In the quest for sustainability and carbon neutrality, many food & beverage companies are turning to carbon credits as a strategic tool. With over 25% of the world’s largest food & beverage companies committing to net-zero targets (based on the Net Zero Tracker data including 4,056 food & beverage companies), the carbon credit market is projected to grow exponentially. However, the journey towards sustainability is fraught with challenges, particularly in navigating the complex carbon credit landscape.
Carbon credits are a way for companies to compensate for their greenhouse gas (GHG) emissions by investing in projects that reduce or remove an equivalent amount of emissions elsewhere. Food & beverage companies can buy these credits from projects that either prevent emissions (avoidance) or remove them from the atmosphere (removal). Each credit typically represents the reduction of one metric ton of carbon dioxide equivalent.
As global awareness of climate change intensifies, companies are setting ambitious targets to combat greenhouse gas emissions.
Net Zero aims to balance the amount of greenhouse gas emissions released into the atmosphere with the amount removed. Achieving Net Zero, as defined by SBTi, involves prioritizing direct action through sequestration and reduction activities. While SBTi discourages reliance on offsets, it allows up to 10% offsetting for validation due to the acknowledged difficulty of complete avoidance.
Carbon Neutrality implies achieving a state where the total carbon emissions associated with the production and supply chain activities are entirely offset or balanced by measures that remove or reduce an equivalent amount of carbon dioxide from the atmosphere.

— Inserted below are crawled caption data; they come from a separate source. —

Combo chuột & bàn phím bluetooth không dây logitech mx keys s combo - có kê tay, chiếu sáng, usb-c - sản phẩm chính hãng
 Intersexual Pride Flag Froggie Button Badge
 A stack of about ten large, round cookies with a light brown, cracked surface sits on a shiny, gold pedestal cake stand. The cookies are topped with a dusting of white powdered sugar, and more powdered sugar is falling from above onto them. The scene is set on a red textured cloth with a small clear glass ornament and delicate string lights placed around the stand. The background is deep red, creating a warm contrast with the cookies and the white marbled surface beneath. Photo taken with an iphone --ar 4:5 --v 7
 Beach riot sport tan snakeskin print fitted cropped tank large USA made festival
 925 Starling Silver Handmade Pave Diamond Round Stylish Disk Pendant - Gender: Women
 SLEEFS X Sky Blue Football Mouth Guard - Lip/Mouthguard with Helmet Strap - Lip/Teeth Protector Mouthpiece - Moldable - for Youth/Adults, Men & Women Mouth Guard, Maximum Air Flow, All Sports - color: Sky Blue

Carbon credits are generated from projects that either avoid the generation of greenhouse gas emissions or remove greenhouse gases from the atmosphere. These projects encompass “nature-based solutions” like reforestation and regenerative agriculture, as well as “engineered solutions” such as carbon capture and storage. Understanding the nuances of these projects is essential for companies aiming to make informed choices.
Project that maximize co-benefits to extend beyond emissions reduction are recommended. Companies can strategically select projects that not only achieve carbon neutrality but also deliver broader environmental and social advantages. By supporting initiatives that contribute to biodiversity, enhance water quality, empower communities, and improve health, businesses can not only fulfill carbon reduction goals but also enhance brand reputation, build stakeholder trust, and align with broader sustainability objectives.
Navigating the market involves interacting with various entities, including carbon credit registries, standards bodies, verifiers, brokers, marketplaces, and ratings agencies. Understanding their roles and assessing the credibility of each player is crucial for effective participation.
Companies must carefully choose their carbon credit strategy to align with industry practices, sustainability goals, and risk tolerance. While high-quality credits reduce the risk of negative publicity and greenwashing, incorporating co-benefits can enhance reputational benefits.
As companies embark on the journey of sustainability through carbon credits, informed decision-making is paramount. By understanding the market dynamics, assessing project attributes, and aligning with industry standards, food and beverage companies can contribute to a more sustainable future while meeting their carbon reduction goals.